It worked for Al Gore – a doomsday scenario for global warming portrayed in his Oscar-winning documentary An Inconvenient Truth.
To educate and scare people.
Indie producer Up Front Entertainment has gone for the same worst-case scenario approach to filmmaking in Blowout: Is Canada Next?, a documentary that warns against a possible volcanic explosion at a deepwater oil well off of Newfoundland that could devastate that province’s offshore fishing industry and sea bird populations.
“You definitely want to bring it home to people to make them care,” explained Blowout producer/writer/director Nadine Pequeneza.

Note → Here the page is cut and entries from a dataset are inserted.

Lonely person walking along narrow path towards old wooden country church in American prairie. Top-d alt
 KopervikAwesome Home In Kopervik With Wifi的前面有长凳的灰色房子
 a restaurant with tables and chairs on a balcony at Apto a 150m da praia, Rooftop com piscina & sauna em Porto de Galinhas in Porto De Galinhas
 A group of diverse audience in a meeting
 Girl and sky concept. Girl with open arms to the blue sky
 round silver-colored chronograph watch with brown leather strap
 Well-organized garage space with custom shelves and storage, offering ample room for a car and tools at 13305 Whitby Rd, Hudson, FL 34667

The CBC documentary, to air this Thursday night, recounts British Petroleum’s giant Deepwater Horizon drilling platform blowout on April 20 in the Gulf of Mexico, and its catastrophic impact on the region’s fishing and tourism industries over the three months it took to plug the well.
Pequeneza’s documentary then uses a combination of interviews with scientists and speculation to dramatize a prophesied oil rig blowout in any of Newfoundland’s oil fields that potentially could decimate the province’s Atlantic cod industry.
The indie filmmaker originally pitched the CBC on an oil spill documentary a month after the Deepwater Horizon drilling platform exploded in the Gulf of Mexico.
The initial plan was to follow the science of what was being discovered in the wake of the disaster.
But ongoing discussion with Michael Claydon, the CBC commissioning editor, led to a decision to also investigate the impact of a big oil spill off the coast of Newfoundland.
Pequeneza said deliberately comparing and contrasting a real U.S. oil spill and a possible Newfoundland oil blowout again helped the documentary sell Canadians on a peril.
“That’s (the Gulf disaster) so present in people’s minds, that comparing it makes it real for them, and understandable,” she explained.
The what-if scenario presented in Blowout includes questioning safety procedures and clean-up techniques that might be employed to contain a giant oil spill off the coast of Newfoundland.
The answers are hardly reassuring.
“What I found most scary in making this film is it was very difficult to actually get a picture of what the impact would be of an oil spill of that magnitude off the east coast,” Pequeneza reported.
“Even though every scientist said it would be bad, they couldn’t say how bad. And there’s very little research that’s been done,” she added.
The implication drawn by Blowout is that the frigid and roiling Atlantic ocean would greatly complicate efforts by Canadians to contain their own off-shore oil disaster, compared to the recent BP-led clean-up in the warmer waters of the Gulf of Mexico.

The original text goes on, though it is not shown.